**DATA SHOWN:**
==================================================
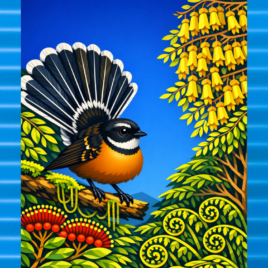 Pīwakawaka (Fantail) on Blue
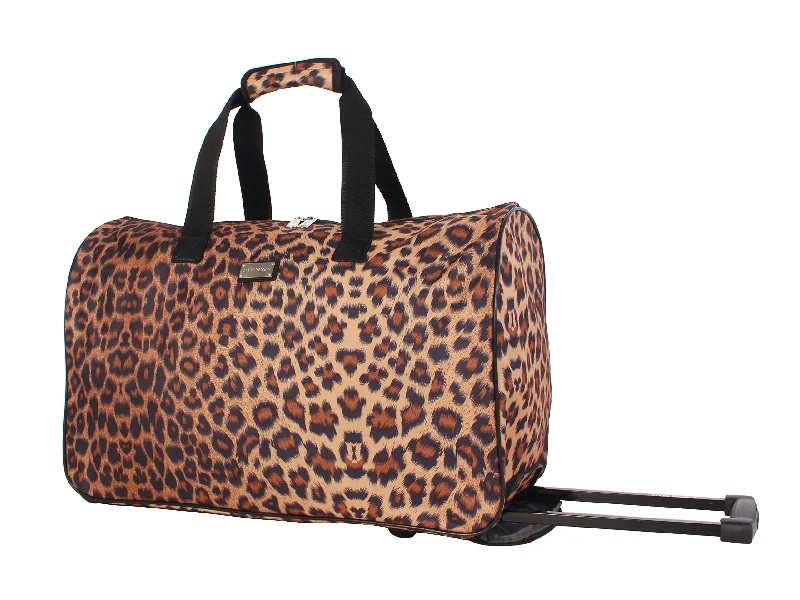 Duffle Bags for vendors-Steve Madden Luggage Suitcase Wheeled Duffle Bag (Cool Cat)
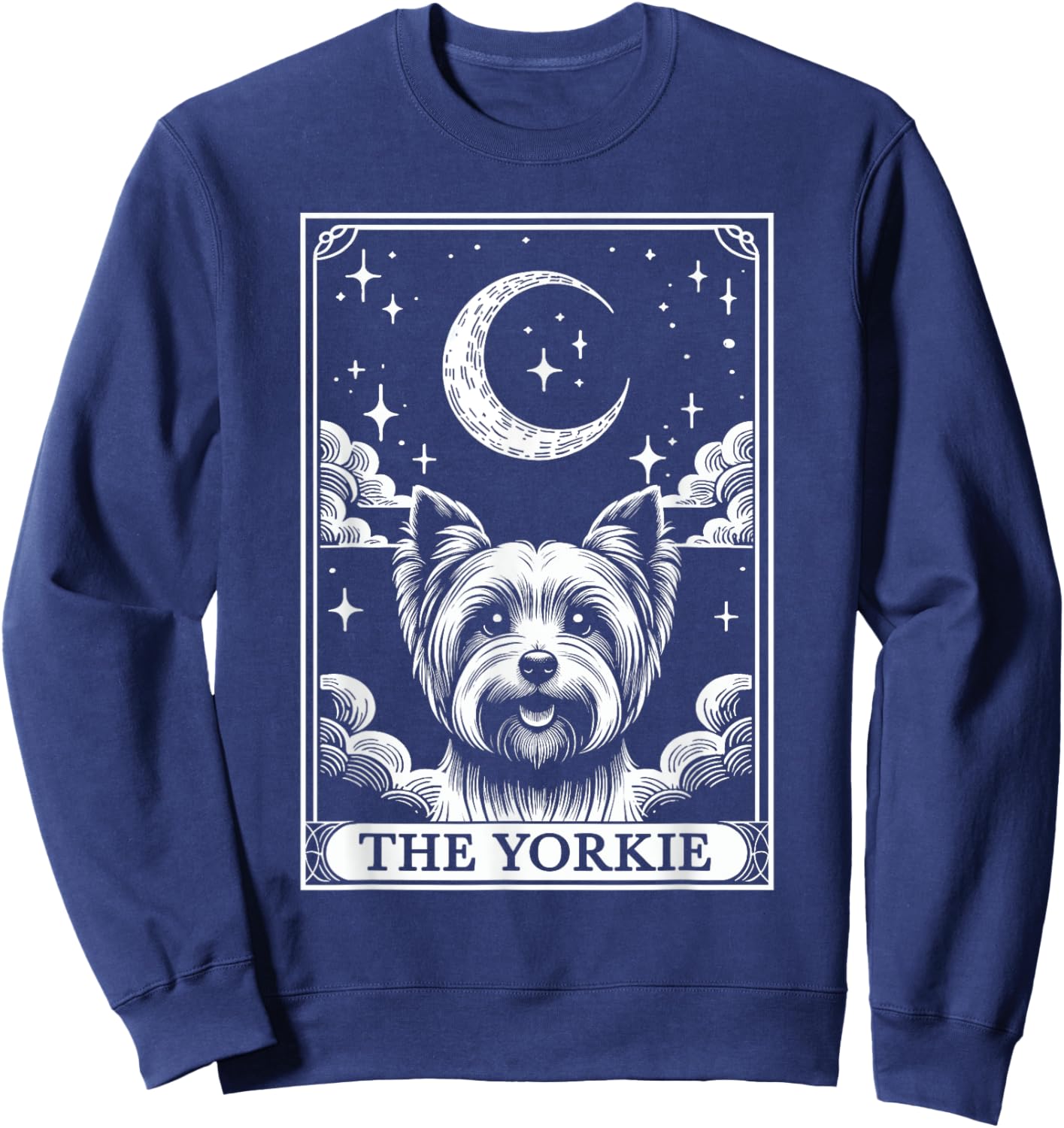 Tarot Card Vintage Crescent Moon Yorkshire Terrier Dog Mom Sweatshirt - Sweatshirt | Navy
==================================================
**THE PROBLEM:**
Each line from the line containing "Duffle Bags for" through the last line above must be written out exactly, and every picture must be omitted.

**THE ANSWER:**
 Duffle Bags for vendors-Steve Madden Luggage Suitcase Wheeled Duffle Bag (Cool Cat)
 Tarot Card Vintage Crescent Moon Yorkshire Terrier Dog Mom Sweatshirt - Sweatshirt | Navy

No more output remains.